Si nous avons savoureusement apprécié tous les titres de ce programme, notre attention a été particulièrement, captée, en plage 3, par « Shakespeare is not dead », qui relate les pouvoirs des princes bâtis sur les trahisons, retournements d’opinions, mais aussi, étendu pour le tout un chacun, les paroles données puis envolées, les rapports de force, les déchirements entre héritiers « pour un tapis, pour un empire », les agresseurs, les terroristes…
Dans cette chanson, Gérard rappelle, aussi, à notre mémoire, les maux dits « sociétaux », avec l’évocation du pont du Bouguen, à Brest, synonyme de pont des suicidés, les ravages de la drogue, les drames familiaux pour deux lingots, comme dans l’affaire Troadec…
[…]
« Mais il y a le songe d’une nuit d’été
Les amoureux, les rires, les fées
Shakespeare is not dead ».
[…]
Comme pour l’ensemble des chansons du disque, nous vous le disions dès l’orée de notre chronique, le propos est loin d’être naïf, mais serein, objectif, toujours, humble et porteur d’espoir.
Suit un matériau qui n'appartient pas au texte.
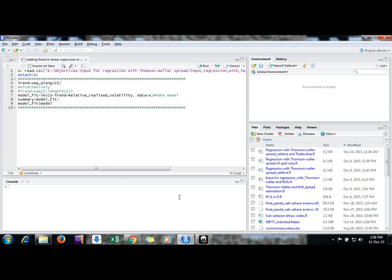Hello friends, welcome back. My name is Sarveshwar and today we will discuss how to add trend in linear regression in RStudio. When we run regression in R using lm command, it by default adds intercept, but there is no command by which we can add trend in RStudio. Therefore, we can generate a sequence, which I will show you by example.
La mélodie de cette chanson y est, d’ailleurs, joyeuse, dansante, puisque calquée sur un reel.
Viennent s’adjoindre au chant de Gérard Delahaye, les espiègles interventions du conteur, chanteur et musicien breton, Patrick Ewen et du poète et écrivain trégorrois Yvon Le Men.
Tous deux portent merveilleusement l’idée de ce contrepoint possible que, ne pouvant pas tout changer, on se doit d’envisager face à cette quotidienne dramaturgie existentielle.
« To be, or not to be, that is the question ».
Telle est, en effet, la question que se pose Hamlet, après avoir jeté son regard dans le tréfonds de l'existence et avoir reconnu qu'il ne pouvait rien changer à la malhonnêteté des gens et à l'immoralité du monde.
Empreint d’un même réalisme, nous avons retenu la chanson suivante, « Ainsi soit-il », dénonçant les religions qui tuent et ceux qui, quelque soit l’« enseigne idéologique », en leurs noms, commettent les pires actes.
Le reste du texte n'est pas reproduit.